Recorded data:
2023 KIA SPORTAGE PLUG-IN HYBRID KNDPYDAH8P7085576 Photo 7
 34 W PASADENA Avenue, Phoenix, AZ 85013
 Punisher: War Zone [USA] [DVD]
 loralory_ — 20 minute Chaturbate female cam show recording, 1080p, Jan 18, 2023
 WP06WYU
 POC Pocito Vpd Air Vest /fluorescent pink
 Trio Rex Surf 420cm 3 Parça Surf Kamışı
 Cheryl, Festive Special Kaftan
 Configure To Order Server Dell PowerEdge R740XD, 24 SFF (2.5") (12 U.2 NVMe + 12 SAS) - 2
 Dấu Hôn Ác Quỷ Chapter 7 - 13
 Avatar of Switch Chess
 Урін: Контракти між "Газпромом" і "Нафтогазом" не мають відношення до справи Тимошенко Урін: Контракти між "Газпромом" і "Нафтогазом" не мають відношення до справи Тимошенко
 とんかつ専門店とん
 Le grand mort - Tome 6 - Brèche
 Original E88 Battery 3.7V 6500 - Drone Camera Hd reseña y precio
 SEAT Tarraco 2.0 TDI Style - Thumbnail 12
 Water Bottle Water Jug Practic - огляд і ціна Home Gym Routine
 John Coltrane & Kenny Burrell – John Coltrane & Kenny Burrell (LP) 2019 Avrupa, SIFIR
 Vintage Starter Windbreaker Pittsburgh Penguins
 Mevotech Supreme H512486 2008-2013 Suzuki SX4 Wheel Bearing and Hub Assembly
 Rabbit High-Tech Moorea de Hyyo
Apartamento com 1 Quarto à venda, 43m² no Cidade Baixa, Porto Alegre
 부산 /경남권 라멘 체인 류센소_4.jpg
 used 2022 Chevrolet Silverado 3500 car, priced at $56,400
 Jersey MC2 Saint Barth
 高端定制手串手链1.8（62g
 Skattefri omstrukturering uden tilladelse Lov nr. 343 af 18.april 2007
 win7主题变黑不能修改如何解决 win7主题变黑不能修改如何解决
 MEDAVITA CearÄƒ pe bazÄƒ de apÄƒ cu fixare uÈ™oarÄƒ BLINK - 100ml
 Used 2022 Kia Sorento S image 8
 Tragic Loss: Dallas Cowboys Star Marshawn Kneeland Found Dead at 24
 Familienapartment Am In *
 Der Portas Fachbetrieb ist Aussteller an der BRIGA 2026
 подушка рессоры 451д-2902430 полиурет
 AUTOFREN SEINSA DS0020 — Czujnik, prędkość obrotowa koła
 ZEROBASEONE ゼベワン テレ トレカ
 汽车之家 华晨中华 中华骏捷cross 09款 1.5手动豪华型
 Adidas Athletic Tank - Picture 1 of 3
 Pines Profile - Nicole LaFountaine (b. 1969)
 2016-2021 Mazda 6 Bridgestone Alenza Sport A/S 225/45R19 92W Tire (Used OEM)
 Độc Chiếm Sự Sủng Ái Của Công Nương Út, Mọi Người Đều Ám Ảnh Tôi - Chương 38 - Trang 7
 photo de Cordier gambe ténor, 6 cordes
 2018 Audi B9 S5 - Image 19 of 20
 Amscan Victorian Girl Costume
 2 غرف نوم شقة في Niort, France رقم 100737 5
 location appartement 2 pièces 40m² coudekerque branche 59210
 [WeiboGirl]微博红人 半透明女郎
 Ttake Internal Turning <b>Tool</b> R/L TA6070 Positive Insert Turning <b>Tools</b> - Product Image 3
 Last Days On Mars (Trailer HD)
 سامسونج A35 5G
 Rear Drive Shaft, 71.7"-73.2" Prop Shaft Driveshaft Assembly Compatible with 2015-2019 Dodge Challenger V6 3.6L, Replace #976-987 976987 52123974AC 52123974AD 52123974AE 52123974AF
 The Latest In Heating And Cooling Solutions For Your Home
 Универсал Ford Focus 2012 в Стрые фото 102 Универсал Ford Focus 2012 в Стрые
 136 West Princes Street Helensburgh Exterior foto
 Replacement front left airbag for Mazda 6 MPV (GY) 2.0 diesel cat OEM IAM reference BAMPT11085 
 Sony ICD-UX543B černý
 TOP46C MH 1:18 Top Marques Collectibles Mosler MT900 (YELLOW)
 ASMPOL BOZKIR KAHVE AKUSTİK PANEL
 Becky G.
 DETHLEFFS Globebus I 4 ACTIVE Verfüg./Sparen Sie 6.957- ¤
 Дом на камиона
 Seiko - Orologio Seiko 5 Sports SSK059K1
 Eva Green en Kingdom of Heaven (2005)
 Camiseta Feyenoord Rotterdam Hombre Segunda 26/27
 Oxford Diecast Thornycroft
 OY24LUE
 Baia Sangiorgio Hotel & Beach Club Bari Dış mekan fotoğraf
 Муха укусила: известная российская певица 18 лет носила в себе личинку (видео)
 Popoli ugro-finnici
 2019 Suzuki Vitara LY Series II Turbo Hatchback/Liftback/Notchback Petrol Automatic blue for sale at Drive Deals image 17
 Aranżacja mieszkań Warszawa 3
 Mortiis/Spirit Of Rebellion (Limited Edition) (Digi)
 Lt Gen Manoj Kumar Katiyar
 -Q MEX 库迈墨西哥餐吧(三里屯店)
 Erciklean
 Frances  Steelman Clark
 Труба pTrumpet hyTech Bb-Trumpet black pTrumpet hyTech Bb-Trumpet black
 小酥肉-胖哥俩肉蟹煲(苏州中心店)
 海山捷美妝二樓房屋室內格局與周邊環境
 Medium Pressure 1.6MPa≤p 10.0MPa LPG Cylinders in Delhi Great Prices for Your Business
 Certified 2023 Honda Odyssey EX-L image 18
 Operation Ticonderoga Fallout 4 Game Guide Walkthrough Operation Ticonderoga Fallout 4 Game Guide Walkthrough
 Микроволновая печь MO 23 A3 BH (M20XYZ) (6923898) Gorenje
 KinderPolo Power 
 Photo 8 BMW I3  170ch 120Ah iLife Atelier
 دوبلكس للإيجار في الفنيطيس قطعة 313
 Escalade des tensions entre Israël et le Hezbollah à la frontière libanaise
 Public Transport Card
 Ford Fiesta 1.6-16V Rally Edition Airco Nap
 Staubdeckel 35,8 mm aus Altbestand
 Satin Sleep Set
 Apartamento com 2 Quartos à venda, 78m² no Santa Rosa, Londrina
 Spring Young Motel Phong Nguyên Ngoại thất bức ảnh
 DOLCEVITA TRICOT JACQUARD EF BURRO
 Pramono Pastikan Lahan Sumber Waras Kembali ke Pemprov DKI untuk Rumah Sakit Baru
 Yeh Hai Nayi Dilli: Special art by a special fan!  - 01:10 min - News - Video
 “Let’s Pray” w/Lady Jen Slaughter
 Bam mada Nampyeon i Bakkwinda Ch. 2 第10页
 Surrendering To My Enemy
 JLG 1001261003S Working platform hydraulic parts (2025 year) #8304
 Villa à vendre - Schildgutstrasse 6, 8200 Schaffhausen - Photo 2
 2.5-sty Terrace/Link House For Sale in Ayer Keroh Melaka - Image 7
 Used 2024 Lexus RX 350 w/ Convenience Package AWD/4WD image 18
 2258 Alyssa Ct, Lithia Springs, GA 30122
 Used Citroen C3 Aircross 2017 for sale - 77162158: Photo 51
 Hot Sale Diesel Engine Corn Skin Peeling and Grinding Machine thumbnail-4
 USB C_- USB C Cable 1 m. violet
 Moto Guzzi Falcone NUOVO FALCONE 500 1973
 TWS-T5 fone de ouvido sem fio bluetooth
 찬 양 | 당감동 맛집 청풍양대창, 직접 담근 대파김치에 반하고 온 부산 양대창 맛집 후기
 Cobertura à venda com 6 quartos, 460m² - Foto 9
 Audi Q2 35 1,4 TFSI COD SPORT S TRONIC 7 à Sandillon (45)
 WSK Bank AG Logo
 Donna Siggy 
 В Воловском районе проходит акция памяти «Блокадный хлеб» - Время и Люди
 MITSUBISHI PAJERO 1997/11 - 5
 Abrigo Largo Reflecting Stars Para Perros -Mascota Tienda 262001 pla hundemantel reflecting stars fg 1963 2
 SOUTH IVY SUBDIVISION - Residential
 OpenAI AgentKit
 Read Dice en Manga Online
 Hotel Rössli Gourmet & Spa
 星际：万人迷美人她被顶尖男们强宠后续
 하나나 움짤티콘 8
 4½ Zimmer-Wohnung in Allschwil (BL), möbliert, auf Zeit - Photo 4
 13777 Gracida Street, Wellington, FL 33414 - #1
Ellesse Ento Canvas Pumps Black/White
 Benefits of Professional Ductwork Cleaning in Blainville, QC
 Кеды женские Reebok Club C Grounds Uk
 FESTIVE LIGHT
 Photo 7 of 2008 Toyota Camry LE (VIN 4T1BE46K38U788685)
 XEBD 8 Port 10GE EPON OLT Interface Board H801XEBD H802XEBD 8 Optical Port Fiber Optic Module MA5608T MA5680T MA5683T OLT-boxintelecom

Assignment:
Repeat word for word every line from the start of the entries to the line holding "Avatar of Switch Chess", inclusive, and nothing else.

Response area:
2023 KIA SPORTAGE PLUG-IN HYBRID KNDPYDAH8P7085576 Photo 7
 34 W PASADENA Avenue, Phoenix, AZ 85013
 Punisher: War Zone [USA] [DVD]
 loralory_ — 20 minute Chaturbate female cam show recording, 1080p, Jan 18, 2023
 WP06WYU
 POC Pocito Vpd Air Vest /fluorescent pink
 Trio Rex Surf 420cm 3 Parça Surf Kamışı
 Cheryl, Festive Special Kaftan
 Configure To Order Server Dell PowerEdge R740XD, 24 SFF (2.5") (12 U.2 NVMe + 12 SAS) - 2
 Dấu Hôn Ác Quỷ Chapter 7 - 13
 Avatar of Switch Chess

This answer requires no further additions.